- The problem
Print, exactly as they appear in the listing below, the lines from the line with "Pide castillo hinchable" to the line with "Veste croisée en", with both end lines kept.
***
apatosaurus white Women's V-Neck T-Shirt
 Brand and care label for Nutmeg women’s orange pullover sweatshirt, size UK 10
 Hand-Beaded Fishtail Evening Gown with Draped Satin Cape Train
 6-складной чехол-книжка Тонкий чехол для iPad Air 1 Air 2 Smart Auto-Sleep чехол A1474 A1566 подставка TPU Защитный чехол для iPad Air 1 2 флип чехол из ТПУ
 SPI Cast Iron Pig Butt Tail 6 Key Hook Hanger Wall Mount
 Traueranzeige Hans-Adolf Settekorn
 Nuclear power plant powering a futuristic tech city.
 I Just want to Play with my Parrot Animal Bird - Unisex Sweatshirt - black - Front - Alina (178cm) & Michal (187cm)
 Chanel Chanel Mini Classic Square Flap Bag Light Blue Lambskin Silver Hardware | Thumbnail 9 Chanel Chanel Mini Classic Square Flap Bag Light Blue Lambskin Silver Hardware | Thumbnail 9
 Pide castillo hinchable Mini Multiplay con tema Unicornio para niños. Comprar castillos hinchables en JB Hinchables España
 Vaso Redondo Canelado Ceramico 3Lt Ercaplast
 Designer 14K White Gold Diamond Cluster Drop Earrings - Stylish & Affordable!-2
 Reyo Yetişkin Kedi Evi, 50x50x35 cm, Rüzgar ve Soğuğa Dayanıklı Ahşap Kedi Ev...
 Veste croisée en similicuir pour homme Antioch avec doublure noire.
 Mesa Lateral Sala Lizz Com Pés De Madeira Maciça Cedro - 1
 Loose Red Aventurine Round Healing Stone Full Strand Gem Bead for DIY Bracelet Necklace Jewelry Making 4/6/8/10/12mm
***
- Exercise solution
 Pide castillo hinchable Mini Multiplay con tema Unicornio para niños. Comprar castillos hinchables en JB Hinchables España
 Vaso Redondo Canelado Ceramico 3Lt Ercaplast
 Designer 14K White Gold Diamond Cluster Drop Earrings - Stylish & Affordable!-2
 Reyo Yetişkin Kedi Evi, 50x50x35 cm, Rüzgar ve Soğuğa Dayanıklı Ahşap Kedi Ev...
 Veste croisée en similicuir pour homme Antioch avec doublure noire.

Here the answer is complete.